We will discuss how the sharding transition will be managed in the next section.

State Change

In epoch T-1, the validators need to maintain two versions of states for all shards, one for the current epoch, one that is split for the next epoch. Currently, shards are identified by their shard_id, which is a number ranging from 0 to NUM_SHARDS-1.shard_id is also used as part of the indexing keys by which trie nodes are stored in the database. However, when shards may change accross epochs, shard_id can no longer be used to uniquely identify states because new shards and old shards will share the same shard_ids under this representation.

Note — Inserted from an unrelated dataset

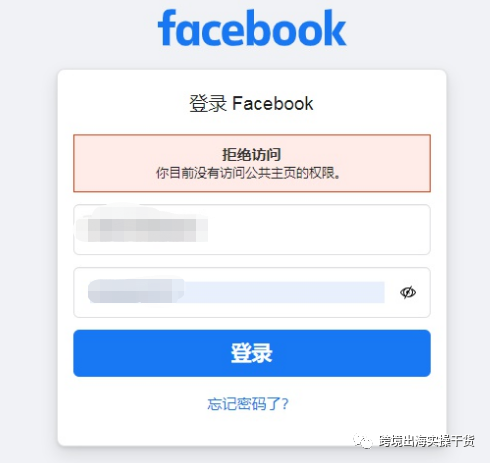 【Facebook】登录FB个人号显示（拒绝访问 你目前没有访问公共主页的权限）怎么办？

To solve this issue, the new proposal creates a new struct ShardUId as an unique identifier to reference shards accross epochs. ShardUId will only be used for storing and managing states, for example, in Trie related structures, In most other places in the code, it is clear which epoch the referenced shard belongs, and ShardId is enough to identify the shard. There will be no change in the protocol level since ShardId will continue to be used in protocol level specs.

ShardUId contains a version number and the corresponding shard_id.

pub struct ShardUId {
    version: u32,
    shard_id: u32,
}

The version number is different between different shard layouts, to ensure ShardUIds for shards from different epochs are different. EpochManager will be responsible for managing shard versions and ShardUId accross epochs.

Build New States

Currently, when receiving the first block of every epoch, validators start downloading states to prepare for the next epoch. We can modify this existing process to make the validators build states for the new shards after they finish downloading states for the existing shards. To build the new states, the validator iterates through all accounts in the current states and adds them to the new states one by one.

Update States

Similar to how validators usually catch up for the next epoch, the new states are updated as new blocks are processed. The difference is that in epoch T-1, chunks are still sharded by the current sharding assignment, but the validators need to perform updates on the new states. We cannot simply split transactions and receipts to the new shards and process updates on each new shard separately. If we do so, since each shard processes transactions and receipts with their own gas limits, some receipts may be delayed in the new states but not in the current states, or the other way around. That will lead to inconsistencies between the orderings by which transactions and receipts are applied to the current and new states.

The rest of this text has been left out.